Silver prices have been dragged down to a three-month low, apparently suffering this past week their largest one- and two-day decline since January 2015. There’s no doubt the metal’s been inflicted with considerable sentiment and technical price damage. Three weeks ago I said: “…it does have downward momentum right now. I think the upcoming FOMC meeting could be significant. If there’s follow through on weakness, we could see it test the $17-$18 range.”

That’s where we are now…. Silver prices this week dropped steadily, touching the 200-day moving average. This price may act as support. But if silver breaks below that level, the next likely target would be $16.

Nonetheless, macroeconomic and geopolitical challenges and uncertainties remain supportive. Once we get this correction behind us, silver should begin to march higher toward $22 this year.” (Money Morning, 10th October 2016)

So, where does this leave us?  Bleyer hold the view that Physical Gold and Silver are best held over a long period of time in funds not necessarily needed until one sees the price is advantageous to sell.  With this in mind, I read a thought-provoking article this morning in the Money Section of The Telegraph; it explored the idea of grandparents giving financially while they are alive to their grandchildren. At first glance, why? But the figures are worth careful consideration within families that can provide for more than themselves:

“Today’s high life expectancy, coupled with the relatively young age at which people had children in the 1940s and 1950s, mean that someone in their eighties or nineties might well have offspring in their sixties and seventies who are already retired – and wealthy. These children, born post-war, were lucky to be better off than any generation before them. They are also likely to be richer than those who came of age in this century (so-called millennials) will ever be. That’s young people like me. [that’s the Telegraph’s author speaking – I’m in my 40’s, the middle generation, so have little leaning either way in this issue.]  The article continues; “According to figures from Saga, those in their sixties have average household wealth of £83,105. They’re the wealthiest of any group over the age of 50. They are financially prudent. They can see the difficulties their grandchildren are in, and worry about how they are going to get by with no property wealth, tiny pensions, and a high and growing cost of living. By giving their money away they can both enjoy the benefit of their gift while alive, and cut down on the inheritance tax their children will have to pay [if given seven years before].  (The Telegraph, 10th October 2016)

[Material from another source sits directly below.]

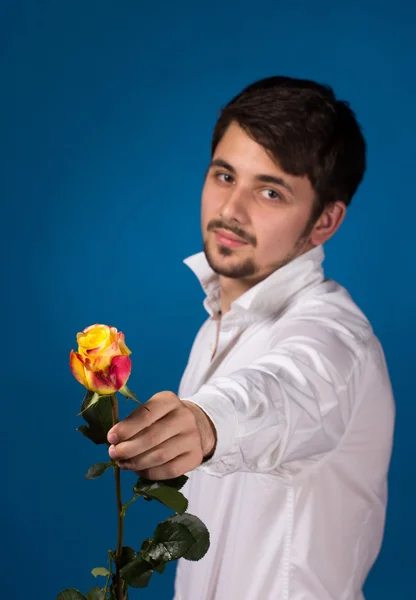 Man giving the red roses — Stock Photo, Image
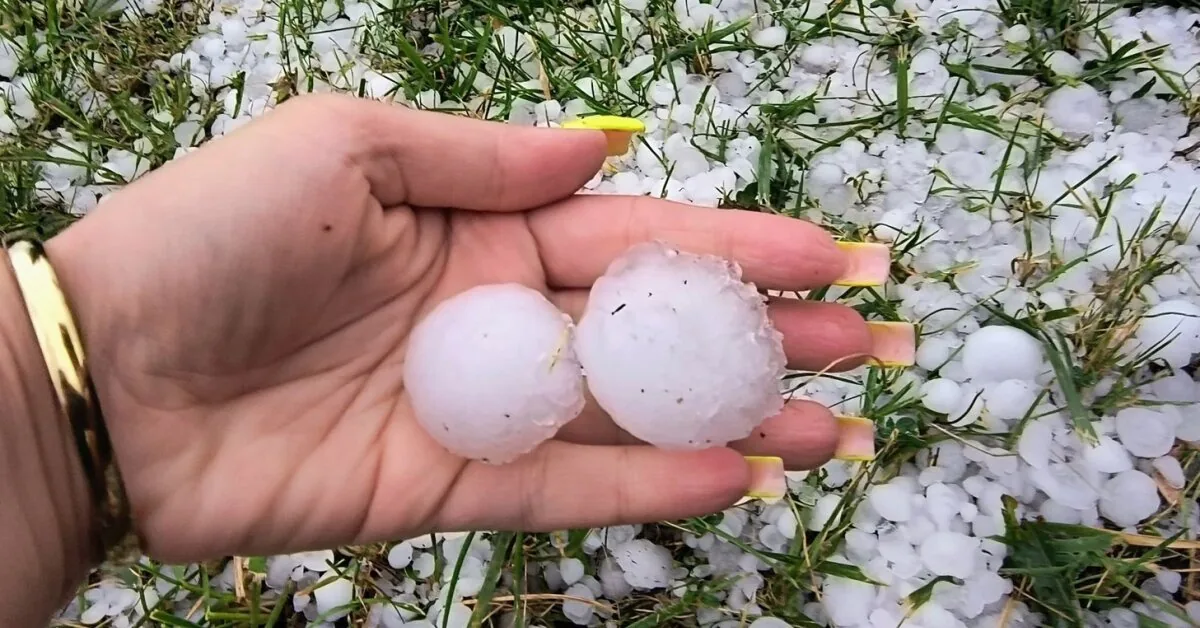 In Poland – apocalyptic scenes: car windows shattered, streets flooded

It’s a stimulating argument. But regardless of whether one’s wealth is passed onto directly to one’s children and then grandchildren, Bleyer offer many discreet ways to give to family members. Indeed, many of our clients become clients themselves precisely through a family connection; a close family member or friend already being one of our customers.  Trust, word of mouth and bespoke customer care are invaluable in family wealth affairs.

Gold coin has long been not only a traditional but beautiful way to pass on some wealth to a family adult child or grandchild.  I have just begun to think about family plans over the Christmas season, mostly from a logistical and travel point of view!  But it does also turn my attention to gifts for others.  Interestingly, I once gave a small Gold bar for a wedding anniversary gift which was a completely unique with which they were delighted. Silver bars and coins, of course, lend themselves extremely well to this line of giving, as they are cheaper plus match the metal of the more usual 25th Wedding Anniversary.  Bleyer have also enjoyed sourcing Gold Sovereign coins from the birth years of each of grandchild for one of our long-standing clients.